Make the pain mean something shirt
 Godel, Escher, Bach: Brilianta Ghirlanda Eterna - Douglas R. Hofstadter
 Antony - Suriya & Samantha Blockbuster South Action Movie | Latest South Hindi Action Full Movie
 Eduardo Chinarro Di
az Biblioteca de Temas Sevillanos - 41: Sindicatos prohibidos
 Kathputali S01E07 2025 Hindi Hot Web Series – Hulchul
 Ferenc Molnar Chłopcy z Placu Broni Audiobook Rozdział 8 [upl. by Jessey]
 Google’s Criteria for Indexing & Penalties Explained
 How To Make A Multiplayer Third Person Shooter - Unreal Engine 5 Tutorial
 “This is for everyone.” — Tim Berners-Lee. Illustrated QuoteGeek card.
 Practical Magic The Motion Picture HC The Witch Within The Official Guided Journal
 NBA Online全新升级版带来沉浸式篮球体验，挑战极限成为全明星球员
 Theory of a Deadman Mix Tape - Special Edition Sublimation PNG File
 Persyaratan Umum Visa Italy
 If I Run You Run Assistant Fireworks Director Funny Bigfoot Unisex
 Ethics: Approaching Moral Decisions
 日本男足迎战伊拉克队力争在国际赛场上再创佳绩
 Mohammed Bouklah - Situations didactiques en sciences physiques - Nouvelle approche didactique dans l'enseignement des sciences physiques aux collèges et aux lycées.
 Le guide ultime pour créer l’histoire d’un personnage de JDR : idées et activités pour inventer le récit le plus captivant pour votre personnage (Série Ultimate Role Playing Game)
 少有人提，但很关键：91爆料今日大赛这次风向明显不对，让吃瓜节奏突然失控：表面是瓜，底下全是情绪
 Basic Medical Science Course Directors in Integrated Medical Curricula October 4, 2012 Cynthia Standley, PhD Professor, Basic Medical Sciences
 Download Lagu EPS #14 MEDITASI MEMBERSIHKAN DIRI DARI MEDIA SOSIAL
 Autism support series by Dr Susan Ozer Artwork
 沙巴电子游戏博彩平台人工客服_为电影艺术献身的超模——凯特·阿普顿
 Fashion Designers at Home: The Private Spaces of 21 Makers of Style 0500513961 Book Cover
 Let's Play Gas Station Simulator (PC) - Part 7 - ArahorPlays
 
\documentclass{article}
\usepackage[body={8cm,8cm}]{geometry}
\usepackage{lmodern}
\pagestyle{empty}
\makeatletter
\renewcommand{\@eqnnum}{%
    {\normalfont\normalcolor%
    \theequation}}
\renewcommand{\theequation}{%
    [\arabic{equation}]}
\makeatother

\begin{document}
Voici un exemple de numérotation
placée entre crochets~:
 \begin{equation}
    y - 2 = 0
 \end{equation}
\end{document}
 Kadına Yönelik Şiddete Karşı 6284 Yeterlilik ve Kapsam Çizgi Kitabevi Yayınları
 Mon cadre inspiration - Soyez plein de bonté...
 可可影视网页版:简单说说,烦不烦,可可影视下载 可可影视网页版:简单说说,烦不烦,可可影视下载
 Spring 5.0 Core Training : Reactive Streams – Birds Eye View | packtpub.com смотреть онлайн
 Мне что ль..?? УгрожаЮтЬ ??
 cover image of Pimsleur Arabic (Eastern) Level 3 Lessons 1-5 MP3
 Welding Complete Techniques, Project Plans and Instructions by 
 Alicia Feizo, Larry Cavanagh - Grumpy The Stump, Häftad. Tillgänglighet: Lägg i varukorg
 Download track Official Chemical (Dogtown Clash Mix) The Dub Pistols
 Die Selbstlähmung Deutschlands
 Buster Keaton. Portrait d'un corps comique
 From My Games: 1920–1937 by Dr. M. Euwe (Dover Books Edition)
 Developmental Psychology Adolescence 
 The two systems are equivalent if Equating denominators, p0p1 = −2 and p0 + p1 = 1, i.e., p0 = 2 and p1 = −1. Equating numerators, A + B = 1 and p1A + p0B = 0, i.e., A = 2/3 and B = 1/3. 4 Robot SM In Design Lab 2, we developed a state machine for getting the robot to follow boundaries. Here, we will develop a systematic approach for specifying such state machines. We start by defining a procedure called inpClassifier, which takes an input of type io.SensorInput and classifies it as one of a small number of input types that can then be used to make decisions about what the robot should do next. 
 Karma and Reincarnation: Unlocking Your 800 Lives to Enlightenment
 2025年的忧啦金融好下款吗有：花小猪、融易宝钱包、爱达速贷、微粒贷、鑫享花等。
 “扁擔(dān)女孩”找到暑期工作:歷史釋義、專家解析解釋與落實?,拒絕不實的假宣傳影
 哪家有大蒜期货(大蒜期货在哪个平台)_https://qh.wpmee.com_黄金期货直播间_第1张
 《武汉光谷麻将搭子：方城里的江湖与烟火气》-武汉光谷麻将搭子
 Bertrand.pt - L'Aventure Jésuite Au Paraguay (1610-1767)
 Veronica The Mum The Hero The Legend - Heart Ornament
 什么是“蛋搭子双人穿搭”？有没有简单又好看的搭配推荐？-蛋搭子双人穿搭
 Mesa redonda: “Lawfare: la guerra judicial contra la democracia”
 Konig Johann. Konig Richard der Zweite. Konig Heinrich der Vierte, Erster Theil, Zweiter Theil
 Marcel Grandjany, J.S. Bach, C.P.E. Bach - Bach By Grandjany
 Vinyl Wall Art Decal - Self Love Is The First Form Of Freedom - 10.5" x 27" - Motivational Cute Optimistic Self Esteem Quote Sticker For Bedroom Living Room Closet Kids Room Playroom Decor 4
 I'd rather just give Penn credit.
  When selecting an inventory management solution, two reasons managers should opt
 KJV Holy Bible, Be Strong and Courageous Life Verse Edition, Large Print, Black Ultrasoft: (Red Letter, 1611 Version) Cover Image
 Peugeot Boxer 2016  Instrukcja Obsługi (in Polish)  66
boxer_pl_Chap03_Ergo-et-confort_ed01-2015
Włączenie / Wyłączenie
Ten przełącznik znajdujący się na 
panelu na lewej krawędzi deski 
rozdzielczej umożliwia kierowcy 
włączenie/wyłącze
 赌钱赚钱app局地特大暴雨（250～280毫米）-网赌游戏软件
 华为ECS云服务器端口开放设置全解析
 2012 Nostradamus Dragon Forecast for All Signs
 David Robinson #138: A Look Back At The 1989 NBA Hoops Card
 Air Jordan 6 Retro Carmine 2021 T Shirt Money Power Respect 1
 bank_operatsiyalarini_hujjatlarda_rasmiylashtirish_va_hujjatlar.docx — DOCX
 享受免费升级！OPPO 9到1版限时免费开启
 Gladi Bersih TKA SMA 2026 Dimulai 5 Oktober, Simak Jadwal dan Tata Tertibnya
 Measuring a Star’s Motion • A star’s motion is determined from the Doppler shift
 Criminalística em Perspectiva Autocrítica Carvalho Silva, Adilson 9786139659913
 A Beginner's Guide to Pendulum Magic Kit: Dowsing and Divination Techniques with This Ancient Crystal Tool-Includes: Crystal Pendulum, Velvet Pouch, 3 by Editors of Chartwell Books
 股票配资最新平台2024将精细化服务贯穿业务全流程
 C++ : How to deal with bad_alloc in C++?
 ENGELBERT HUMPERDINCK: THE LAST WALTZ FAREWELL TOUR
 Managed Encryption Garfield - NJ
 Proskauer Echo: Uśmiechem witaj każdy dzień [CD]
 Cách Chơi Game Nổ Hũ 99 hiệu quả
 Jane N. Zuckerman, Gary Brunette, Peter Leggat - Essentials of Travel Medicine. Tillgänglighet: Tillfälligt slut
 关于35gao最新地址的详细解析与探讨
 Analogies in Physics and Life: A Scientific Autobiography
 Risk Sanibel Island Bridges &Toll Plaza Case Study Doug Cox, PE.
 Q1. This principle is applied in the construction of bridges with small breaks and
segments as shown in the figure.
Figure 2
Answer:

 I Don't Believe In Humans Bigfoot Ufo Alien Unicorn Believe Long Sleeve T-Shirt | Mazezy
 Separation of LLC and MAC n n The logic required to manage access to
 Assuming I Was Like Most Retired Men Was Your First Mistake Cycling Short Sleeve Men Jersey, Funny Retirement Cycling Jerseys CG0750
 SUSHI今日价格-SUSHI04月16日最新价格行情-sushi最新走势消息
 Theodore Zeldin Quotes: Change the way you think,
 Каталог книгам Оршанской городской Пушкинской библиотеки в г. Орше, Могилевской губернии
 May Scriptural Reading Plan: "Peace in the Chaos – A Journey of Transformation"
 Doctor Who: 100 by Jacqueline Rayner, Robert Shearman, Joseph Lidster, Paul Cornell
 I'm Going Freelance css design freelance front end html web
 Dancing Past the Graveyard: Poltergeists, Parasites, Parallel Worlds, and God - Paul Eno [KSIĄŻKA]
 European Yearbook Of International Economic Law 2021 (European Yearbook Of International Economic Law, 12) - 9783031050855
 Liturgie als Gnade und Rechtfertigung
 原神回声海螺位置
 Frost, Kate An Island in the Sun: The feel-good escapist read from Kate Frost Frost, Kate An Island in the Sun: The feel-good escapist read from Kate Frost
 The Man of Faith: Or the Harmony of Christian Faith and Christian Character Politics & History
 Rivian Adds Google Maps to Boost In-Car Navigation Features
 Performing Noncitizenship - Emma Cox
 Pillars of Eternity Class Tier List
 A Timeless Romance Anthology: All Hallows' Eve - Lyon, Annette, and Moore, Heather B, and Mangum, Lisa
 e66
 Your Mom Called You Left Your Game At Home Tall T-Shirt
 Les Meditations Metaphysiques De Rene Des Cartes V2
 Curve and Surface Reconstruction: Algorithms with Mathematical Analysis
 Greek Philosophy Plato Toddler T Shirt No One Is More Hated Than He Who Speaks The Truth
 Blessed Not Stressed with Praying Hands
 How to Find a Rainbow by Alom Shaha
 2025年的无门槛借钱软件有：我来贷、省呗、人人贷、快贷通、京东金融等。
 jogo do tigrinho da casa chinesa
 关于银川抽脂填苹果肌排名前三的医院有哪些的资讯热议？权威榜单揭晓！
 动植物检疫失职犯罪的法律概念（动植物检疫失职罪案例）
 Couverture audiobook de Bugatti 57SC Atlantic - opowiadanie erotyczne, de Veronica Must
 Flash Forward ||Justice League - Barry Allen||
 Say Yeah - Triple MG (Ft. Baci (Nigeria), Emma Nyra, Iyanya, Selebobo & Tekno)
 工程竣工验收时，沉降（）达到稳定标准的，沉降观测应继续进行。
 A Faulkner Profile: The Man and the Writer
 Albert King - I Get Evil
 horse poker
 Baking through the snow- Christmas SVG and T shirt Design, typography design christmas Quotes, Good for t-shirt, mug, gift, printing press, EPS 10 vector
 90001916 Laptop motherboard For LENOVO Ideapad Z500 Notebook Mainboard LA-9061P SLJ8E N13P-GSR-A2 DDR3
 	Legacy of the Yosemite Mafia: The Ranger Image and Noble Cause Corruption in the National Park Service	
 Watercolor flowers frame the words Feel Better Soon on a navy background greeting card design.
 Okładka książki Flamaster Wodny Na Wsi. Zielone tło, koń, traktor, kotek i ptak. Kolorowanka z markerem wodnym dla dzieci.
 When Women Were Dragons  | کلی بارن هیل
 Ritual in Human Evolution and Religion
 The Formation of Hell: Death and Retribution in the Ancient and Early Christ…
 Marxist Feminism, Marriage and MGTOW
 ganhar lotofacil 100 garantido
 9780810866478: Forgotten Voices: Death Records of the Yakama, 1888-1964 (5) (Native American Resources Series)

..............................

Work instructions »
Above are the entries; repeat their lines exactly, from the first through the one that contains "少有人提，但很关键：91爆料".

Expected answer »
Make the pain mean something shirt
 Godel, Escher, Bach: Brilianta Ghirlanda Eterna - Douglas R. Hofstadter
 Antony - Suriya & Samantha Blockbuster South Action Movie | Latest South Hindi Action Full Movie
 Eduardo Chinarro Di
az Biblioteca de Temas Sevillanos - 41: Sindicatos prohibidos
 Kathputali S01E07 2025 Hindi Hot Web Series – Hulchul
 Ferenc Molnar Chłopcy z Placu Broni Audiobook Rozdział 8 [upl. by Jessey]
 Google’s Criteria for Indexing & Penalties Explained
 How To Make A Multiplayer Third Person Shooter - Unreal Engine 5 Tutorial
 “This is for everyone.” — Tim Berners-Lee. Illustrated QuoteGeek card.
 Practical Magic The Motion Picture HC The Witch Within The Official Guided Journal
 NBA Online全新升级版带来沉浸式篮球体验，挑战极限成为全明星球员
 Theory of a Deadman Mix Tape - Special Edition Sublimation PNG File
 Persyaratan Umum Visa Italy
 If I Run You Run Assistant Fireworks Director Funny Bigfoot Unisex
 Ethics: Approaching Moral Decisions
 日本男足迎战伊拉克队力争在国际赛场上再创佳绩
 Mohammed Bouklah - Situations didactiques en sciences physiques - Nouvelle approche didactique dans l'enseignement des sciences physiques aux collèges et aux lycées.
 Le guide ultime pour créer l’histoire d’un personnage de JDR : idées et activités pour inventer le récit le plus captivant pour votre personnage (Série Ultimate Role Playing Game)
 少有人提，但很关键：91爆料今日大赛这次风向明显不对，让吃瓜节奏突然失控：表面是瓜，底下全是情绪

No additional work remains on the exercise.